The result was uncomfortable. The opportunity cost came out to tens of millions of dollars.
That thought stuck with me longer than it probably should have, so I decided to build a small experiment to make this kind of regret measurable: https://shouldhavebought.com
At its core, the app does one basic thing: you enter an asset, an amount, and two dates, and it gives you a plain numeric result - essentially a receipt for a missed opportunity.
I intentionally designed the UI to feel raw and minimal, almost like a late-90s terminal. No charts, no images, no emotional cushioning - just a number staring back at you.
What surprised me wasn't the result, but how much modern web infrastructure it took to build something that looks so simple.
Although the app is a single page with almost no UI elements, it still required:
- Client-side reactivity for a responsive terminal-like experience (Alpine.js)
- A traditional backend (Laravel) to validate inputs and aggregate historical market data
- Normalizing time-series data across different assets and events (splits, gaps, missing days)
- Dynamic OG image generation for social sharing (with color/state reflecting gain vs loss)
- A real-time feed showing recent calculations ("Wall of Pain"), implemented with WebSockets instead of a hosted service
- Caching and performance tuning to keep the experience instant
- Dealing with mobile font rendering and layout quirks, despite the "simple" UI
- Cron and queueing for historical data updates
All of that just to show a number.
Because markets aren't one-directional, I also added a second mode that I didn't initially plan: "Bullet Dodged". If someone almost bought an asset right before a major crash, the terminal flips state and shows how much capital they preserved by doing nothing. In practice, this turned out to be just as emotionally charged as missed gains.

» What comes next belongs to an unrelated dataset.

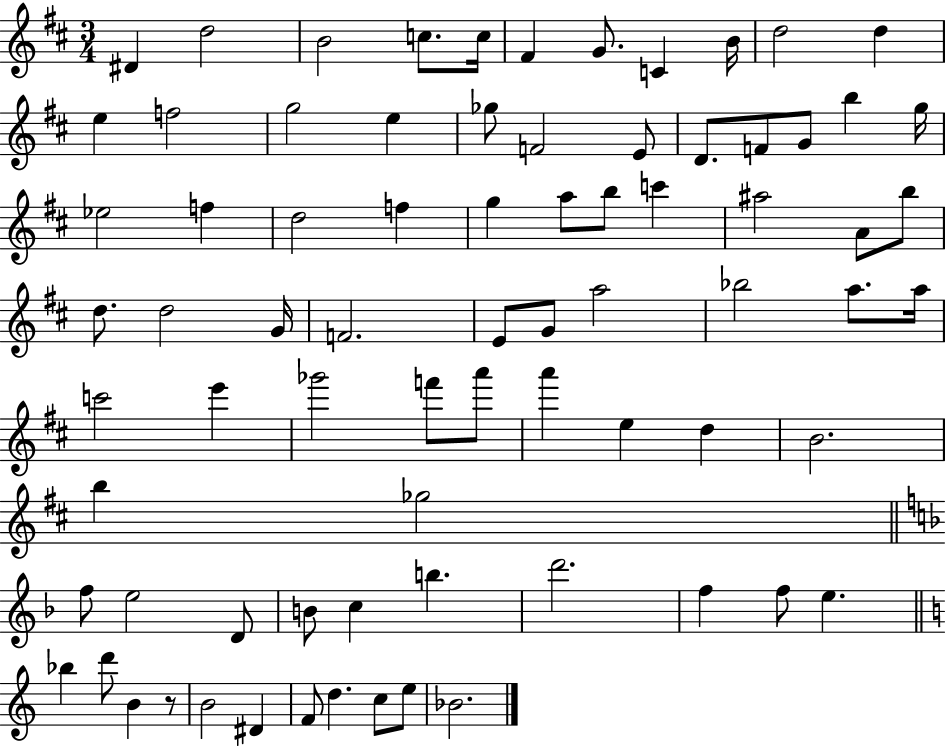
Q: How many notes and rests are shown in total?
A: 76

Building this made me reflect on how deceptive "simplicity" on the web has become. As a manager I know says: "Just add a button". But even recreating a deliberately primitive experience today requires understanding frontend reactivity, backend architecture, real-time transport, social metadata, deployment, and performance tradeoffs.
I didn't build this as a product so much as an experiment - part personal curiosity, part technical exploration.

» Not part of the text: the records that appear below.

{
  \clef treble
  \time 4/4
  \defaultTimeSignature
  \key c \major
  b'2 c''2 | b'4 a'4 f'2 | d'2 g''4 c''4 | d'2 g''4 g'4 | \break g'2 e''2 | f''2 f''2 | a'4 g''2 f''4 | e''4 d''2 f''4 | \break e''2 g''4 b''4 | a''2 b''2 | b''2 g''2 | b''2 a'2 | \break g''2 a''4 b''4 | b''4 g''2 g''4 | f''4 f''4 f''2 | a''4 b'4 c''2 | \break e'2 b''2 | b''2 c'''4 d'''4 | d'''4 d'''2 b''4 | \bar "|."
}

I'd be very interested to hear how others think about:
Where they personally draw the line on stack complexity for small projects?
Whether they would have gone fully static + edge functions for something like this?
How much infrastructure is "too much" for a deliberately minimal interface?
And, optionally, what your worst "should have bought" moment was?
Happy to answer any technical questions or dig into specific implementation details if useful.